▶ _ACTIVITY_
Your answer should be an exact copy of the lines from the start of the entries to the line containing "Gold scroll necklace and earring set", both included.

▶ _INPUT RECORDS_

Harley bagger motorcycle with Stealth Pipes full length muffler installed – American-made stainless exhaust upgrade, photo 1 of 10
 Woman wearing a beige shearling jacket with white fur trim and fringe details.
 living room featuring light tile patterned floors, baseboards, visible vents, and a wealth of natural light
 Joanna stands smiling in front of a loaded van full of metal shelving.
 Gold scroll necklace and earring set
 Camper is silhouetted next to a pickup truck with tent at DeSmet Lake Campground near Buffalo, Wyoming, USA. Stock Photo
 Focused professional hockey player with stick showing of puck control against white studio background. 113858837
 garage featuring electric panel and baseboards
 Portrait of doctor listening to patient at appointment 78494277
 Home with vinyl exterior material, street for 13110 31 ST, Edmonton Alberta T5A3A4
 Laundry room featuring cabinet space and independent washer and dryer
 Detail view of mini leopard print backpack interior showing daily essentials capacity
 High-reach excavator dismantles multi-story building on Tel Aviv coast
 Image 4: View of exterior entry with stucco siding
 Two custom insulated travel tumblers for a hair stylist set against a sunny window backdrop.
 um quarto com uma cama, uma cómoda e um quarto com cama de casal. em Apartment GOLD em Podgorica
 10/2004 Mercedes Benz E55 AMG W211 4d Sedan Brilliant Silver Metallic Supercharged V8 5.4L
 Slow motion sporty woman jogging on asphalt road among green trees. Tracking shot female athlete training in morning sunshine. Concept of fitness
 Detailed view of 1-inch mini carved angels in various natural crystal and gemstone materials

▶ _RESULT BELOW_
Harley bagger motorcycle with Stealth Pipes full length muffler installed – American-made stainless exhaust upgrade, photo 1 of 10
 Woman wearing a beige shearling jacket with white fur trim and fringe details.
 living room featuring light tile patterned floors, baseboards, visible vents, and a wealth of natural light
 Joanna stands smiling in front of a loaded van full of metal shelving.
 Gold scroll necklace and earring set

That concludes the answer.